We were told that we could expect to find many of the city’s homeless there because of the inclement weather. And sure enough, as soon as we entered, we were surrounded by hungry-looking men who immediately zeroed in on those of us who visibly held on to a bag lunch.
They knew the routine. Fabian, Kendra and I were suddenly facing a tall rather imposing man who told us his story of needing something to eat because his stopover in Philadelphia ended up being longer than he anticipated, forcing him to look for some food for the overnight. 

We gave him one of our bags and simultaneously another guy was begging for the second. He practically grabbed the brown bag out of my hands.

So, now what? We no longer had anything to give. How were we going to actually sit down and talk to any one of the others who mainly were also looking for a bag lunch?

Our leader encouraged us to wander, trying to be creative. Finally, my cohorts and I found Michael. Yes, he was searching for a sandwich, but in the meantime he engaged with us, telling us his story.

He was an older man whose family was in dire straits but Michael believed in hope and in God’s ever present generosity. Throughout his life God had provided and so while he was going through this rough patch, he knew it was not permanent.

While we three listened to Michael, a rather erratic young man approached our little group yelling and pointing straight at me, accusing me of something. I could not understand him and disgustedly he left us, only to reappear a little later.

Michael returned to his story with a most powerful message of gratefulness.  He virtually could not stop talking about his awe and wonder at having God in his life. Emphatically, he repeated that he was most humbled and grateful for life.

Moved by this man’s faith, Fabian gave him some money, even if we did not have food for him. Michael assured us it was enough to get a sandwich later. In turn, I was moved by my cohort’s action. In the end, all that matters is the encounters we have with one another and the love we show, no matter the circumstances.

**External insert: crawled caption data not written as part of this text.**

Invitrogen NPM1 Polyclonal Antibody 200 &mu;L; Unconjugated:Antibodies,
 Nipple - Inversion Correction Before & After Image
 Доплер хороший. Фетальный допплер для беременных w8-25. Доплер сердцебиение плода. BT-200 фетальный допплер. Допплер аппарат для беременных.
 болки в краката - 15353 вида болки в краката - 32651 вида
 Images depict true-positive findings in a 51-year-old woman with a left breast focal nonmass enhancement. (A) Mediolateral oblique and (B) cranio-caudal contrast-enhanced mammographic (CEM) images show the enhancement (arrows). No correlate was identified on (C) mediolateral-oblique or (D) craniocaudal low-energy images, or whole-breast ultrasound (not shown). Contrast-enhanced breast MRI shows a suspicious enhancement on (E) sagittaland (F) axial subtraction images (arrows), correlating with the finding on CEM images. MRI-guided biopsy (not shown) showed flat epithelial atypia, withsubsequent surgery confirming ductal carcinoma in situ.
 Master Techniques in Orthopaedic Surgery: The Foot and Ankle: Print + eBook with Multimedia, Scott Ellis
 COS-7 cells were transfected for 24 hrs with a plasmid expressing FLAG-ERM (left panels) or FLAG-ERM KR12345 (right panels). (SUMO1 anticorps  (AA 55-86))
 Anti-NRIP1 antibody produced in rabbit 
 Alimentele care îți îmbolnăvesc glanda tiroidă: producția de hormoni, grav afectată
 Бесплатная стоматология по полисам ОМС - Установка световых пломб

Michael did not ask about us, but if he had, we would have explained that we were part of a group of ten from the College of Saint Benedict and Saint John’s University in Minnesota on spring break in Philly. We chose to go to the fifth largest city (approximately 1.5 million people) in the United States, which is known for its many and growing number of homeless people.

Mary Jane Berger, OSB

Tuesday, June 16, 2015

Jubilarians and World Peace

I recently attended the Jubilee celebration of Benedictines celebrating their 60th anniversary of monastic profession. There was a palpable peacefulness present as I interacted with them. Later I read this commentary by Richard Rohr that clearly expressed what I sensed in their presence.
“In the second half of life, we do not have strong and final opinions about everything, every event, or most people, as much as we allow things and people to delight us, sadden us, and truly influence us. We no longer need to change or adjust other people to be happy ourselves. Ironically we are more than ever before in a position to change people—but we do not need to—and that makes all the difference.
We have moved from doing to being to an utterly new kind of doing that flows almost organically, quietly, and by osmosis. Our actions are less compulsive. We do what we are called to do, and then try to let go of the consequences. We usually cannot do that very well when we are young.
Now we aid and influence people simply by being who we are. Human integrity probably influences and moves people from potency to action more than anything else. An elder’s deep and studied passion carries so much more power than superficial and loudly stated principles. Our peace is needed more than our anger.”  Adapted from Falling Upward: A Spirituality for the Two Halves of Life.
Thank you, Jubilarians, for adding your peacefulness to the balance of peace we have in this world of ours. 
Photograph by Karen Streveler, OSB, shows our 60th jubilarians. Left to right: Sisters Marie Gerads, Rita Kunkel, Miriam Ardolf, Clare Witzman, Telan Hu, Stephanie Mongeon, Bernard Heit and Lydia Erkens
Note: A Youtube video is available of Fr Richard Rohr presenting the content of Falling Upward.